Mercoledì 19 marzo, gli studenti della classe 2Ag dell’Istituto Persolino-Strocchi hanno avuto l’opportunità di vivere un’esperienza unica nel cuore della tradizione tipografica italiana, visitando la storica “Vecchia Stamperia” di Damiano Bandini a Faenza. L’iniziativa si è svolta sotto la guida delle docenti di grafica, Venturi Sofia e Gatti Erica e ha permesso agli studenti di immergersi in un mondo affascinante e ricco di storia, legato all’arte della stampa a caratteri mobili.

Durante la visita guidata presso la stamperia, un luogo che conserva l’autenticità e il fascino delle antiche tecniche di stampa, gli studenti hanno avuto modo di scoprire da vicino il lavoro minuzioso che caratterizza la stampa a caratteri mobili, una pratica che affonda le sue radici nel XV secolo grazie a Johann Gutenberg, e che ha rivoluzionato il mondo della comunicazione. Damiano Bandini, titolare e custode di questa tradizione, ha raccontato con passione come la sua bottega rappresenti un punto di riferimento per la conservazione e la valorizzazione di questo mestiere antico.

Gli studenti hanno potuto osservare da vicino le varie fasi del processo, dal settaggio dei caratteri fino alla realizzazione di una stampa su carta. I ragazzi hanno potuto apprezzare la precisione e la cura necessarie per ottenere una stampa di alta qualità.
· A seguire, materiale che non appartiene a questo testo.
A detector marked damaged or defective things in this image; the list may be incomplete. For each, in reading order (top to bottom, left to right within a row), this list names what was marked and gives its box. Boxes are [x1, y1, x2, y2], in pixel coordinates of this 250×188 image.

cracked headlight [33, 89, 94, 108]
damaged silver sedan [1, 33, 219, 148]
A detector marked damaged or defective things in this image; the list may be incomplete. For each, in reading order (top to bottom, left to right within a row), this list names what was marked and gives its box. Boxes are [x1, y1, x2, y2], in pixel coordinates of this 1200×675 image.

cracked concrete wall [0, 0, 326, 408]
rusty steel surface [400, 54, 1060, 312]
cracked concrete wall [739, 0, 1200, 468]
Ogni fase del processo, dalla selezione dei caratteri alla composizione del testo, ha svelato loro il valore di un lavoro che, pur nella sua antichità, conserva ancora una grande rilevanza nel mondo moderno.
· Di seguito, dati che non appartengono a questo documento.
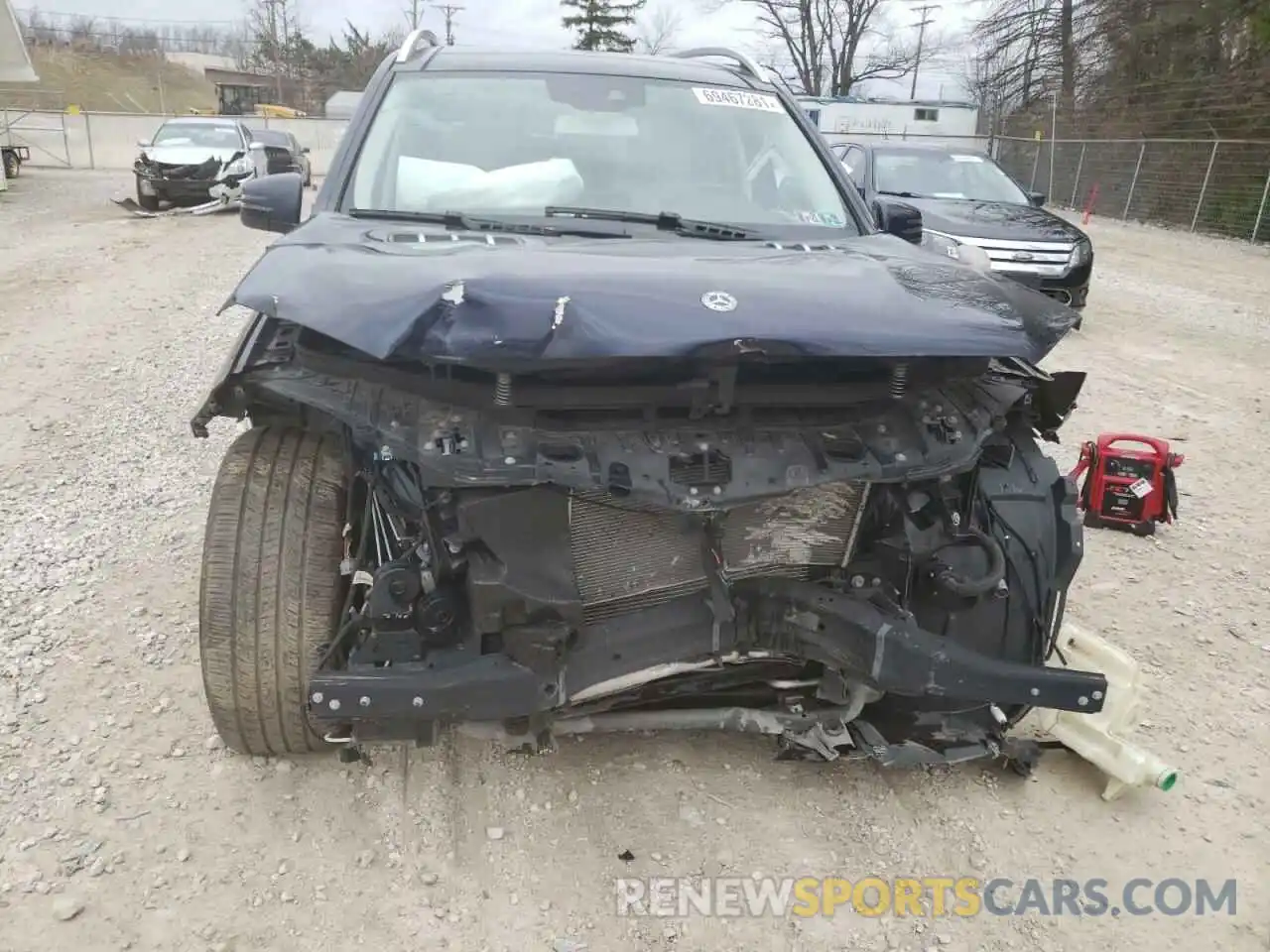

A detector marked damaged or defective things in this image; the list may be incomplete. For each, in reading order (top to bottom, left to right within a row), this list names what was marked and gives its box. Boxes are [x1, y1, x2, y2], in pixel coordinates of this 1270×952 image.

crumpled hood [143, 144, 244, 167]
crumpled hood [223, 214, 1080, 367]
crumpled hood [905, 195, 1080, 242]
severely damaged mercedes-benz [190, 37, 1183, 801]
Questa visita ha rappresentato un’occasione imperdibile per gli studenti della classe 2Ag, permettendo loro di comprendere l’importanza della tipografia tradizionale e scoprire come, nonostante l’avvento delle tecnologie digitali, queste tecniche continuano a mantenere un valore inestimabile nel panorama culturale e artistico italiano.